Online seit: 03.04.2021

Corona-Pandemie hat Auswirkungen auf Trauer und Bestattungen – Viel Bürokratie und fehlende Nähe zu Trauernden

Von Helmut Weirather

VINSCHGAU. Was macht Corona mit der Bestattungstradition?
Nichts Gutes, wie zu befürchten ist. Die „Dolomiten“ haben bei jenen nachfragt, die täglich damit zu tun haben: Bei Bestattern.

Wenn Menschenansammlungen über Monate verboten oder stark beeinträchtigt sind also auch Gottesdienste und Beerdigungen – hat das Auswirkungen. Das wird von vielen im Land vielleicht nicht wahrgenommen, aber diese Veränderungen könnten tiefgreifend sein.

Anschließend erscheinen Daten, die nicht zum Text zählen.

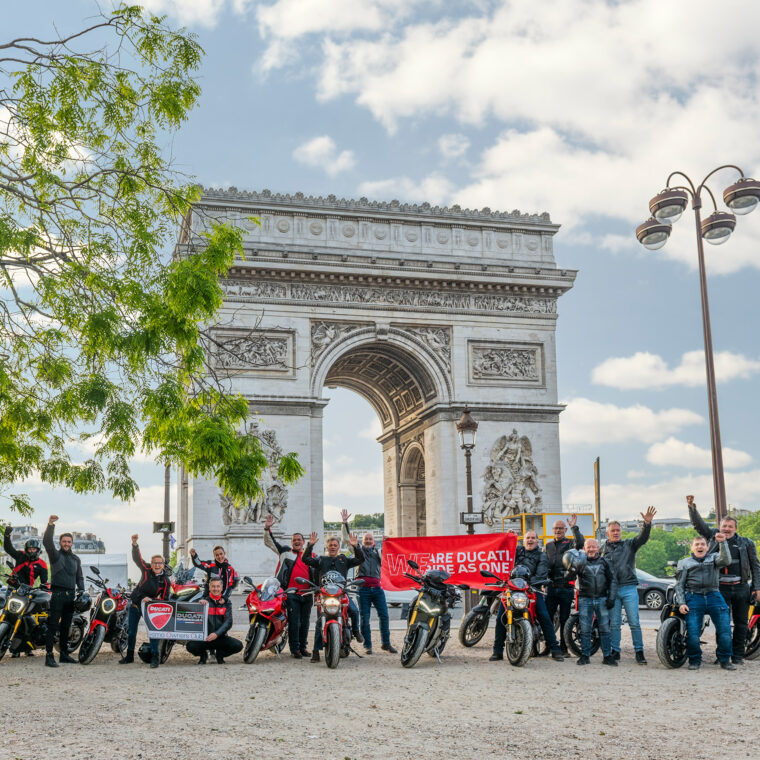 Ducati-WeRideAsOne-2022- - 19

Die „Dolomiten“ hatten bereits im Vorjahr über das Thema geschrieben, damals im Gespräch mit der Caritas-Hospizbewegung Vinschgau (siehe den Bericht vom 24. April 2020 in der digitalen Ausgabe). Die damals getroffenen Aussagen werden auch von Bestattern bestätigt, die tagtäglich mit Tod, Trauer und Beerdigungstraditionen zu tun haben.

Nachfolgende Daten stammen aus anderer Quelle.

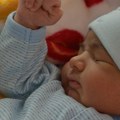 Pet beba rođeno za jedan dan u leskovačkom porodilištu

Jürgen und Joachim Tonezzer sind im gleichnamigen Beerdigungsinstitut in Schlanders tätig. Sie sagen, dass mit Corona auch große Einschränkungen bei den Beerdigungen einhergegangen seien. So würden sich Beerdigungen verschieben, da viele Familienangehörige in Quarantäne seien und daher nicht zum Begräbnis könnten. Überhaupt sei die Trauersituation mittlerweile eine andere geworden. Viele Menschen hätten sich nicht mehr getraut, zu einer Beerdigung zu gehen, weil sie Angst vor Infektionen hatten. „Die Teilnehmerzahl bei Beerdigungen ist sicher um mehr als die Hälfte zurückgegangen“, sagen Jürgen Tonezzer (im Bild) und sein Bruder Joachim. Auch der Trauerzug durch die Dörfer oder die öffentliche Verabschiedung von Verstorbenen sei nicht mehr so, wie man es gewohnt sei. „Von der traditionellen Bestattungskultur geht wohl vieles verloren“, bedauern die beiden Bestatter. Dies hänge auch damit zusammen, dass Leichname vor der Beerdigung eingeäschert würden.

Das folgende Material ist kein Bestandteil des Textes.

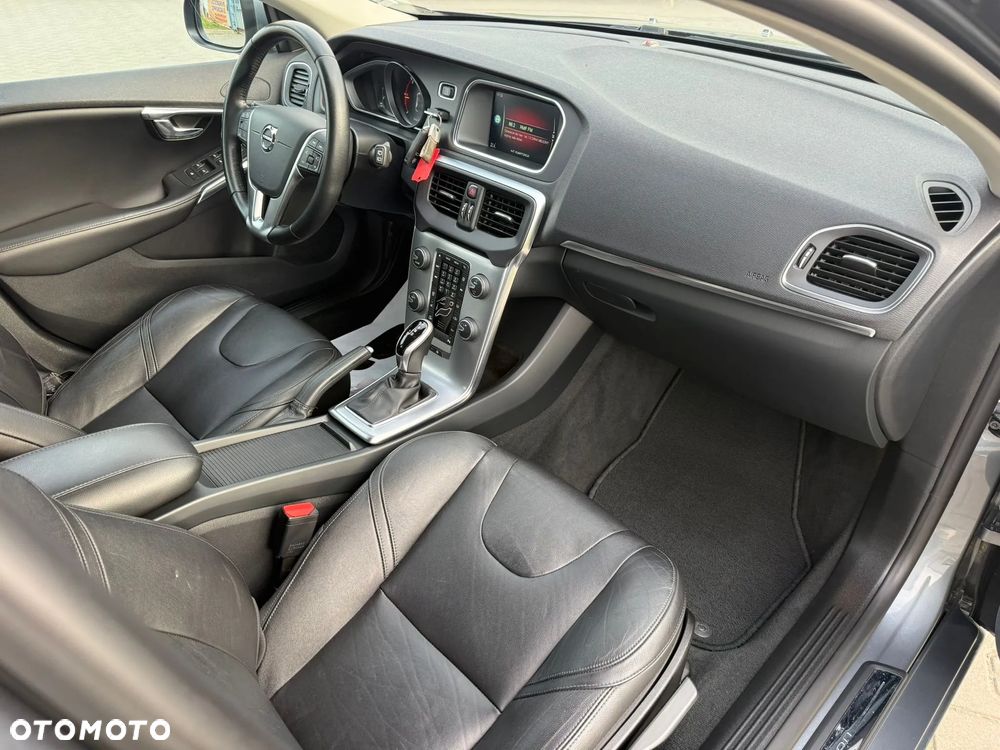 Volvo V40 D2 Geartronic Inscription - 8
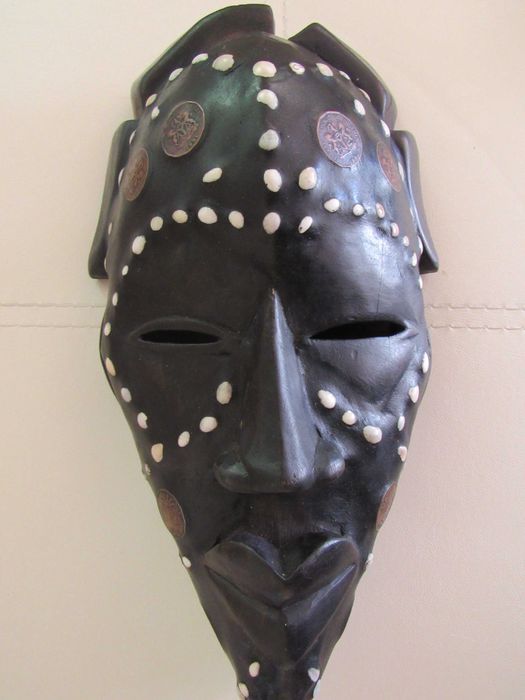 Африканска маска с медни инкрустации-голяма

Die Regelung rund um Corona habe vieles sehr viel schwieriger gemacht – und alles sei nicht unbedingt logisch nachvollziehbar. Wer an oder mit Corona verstirbt, müsse entweder eingeäschert oder aus Hygienegründen im Zinksarg begraben werden. Das könnte z. B. durchaus hinterfragt werden, sagen die beiden Tonezzer-Brüder und ergänzen, dass man gemeinsam mit anderen Bestattern zwar zu diversen Aspekten nachgehakt habe bei den zuständigen Stellen, die Antworten aber nicht befriedigend waren. Das hänge aber wohl auch mit den staatlichen Regelungen zusammen.
Ein sehr großes Problem habe sich in den vergangenen Monaten beim Umgang mit Trauernden gezeigt. „Uns fehlt die Nähe zu ihnen“, sagt Jürgen Tonezzer. Seit Jahrzehnten sei man es gewohnt, einem Angehörigen die Hand zu schütteln oder ihn zu umarmen. In Zeiten von Corona sei dies verboten, viele hätten Angst davor. „Das fehlt aber sehr“, sagt Tonezzer und meint damit den Umstand, dass viel an Trost und Zuspruch für die Trauernden verloren gegangen sind. „Dieses Unpersönliche ist schon schlimm“.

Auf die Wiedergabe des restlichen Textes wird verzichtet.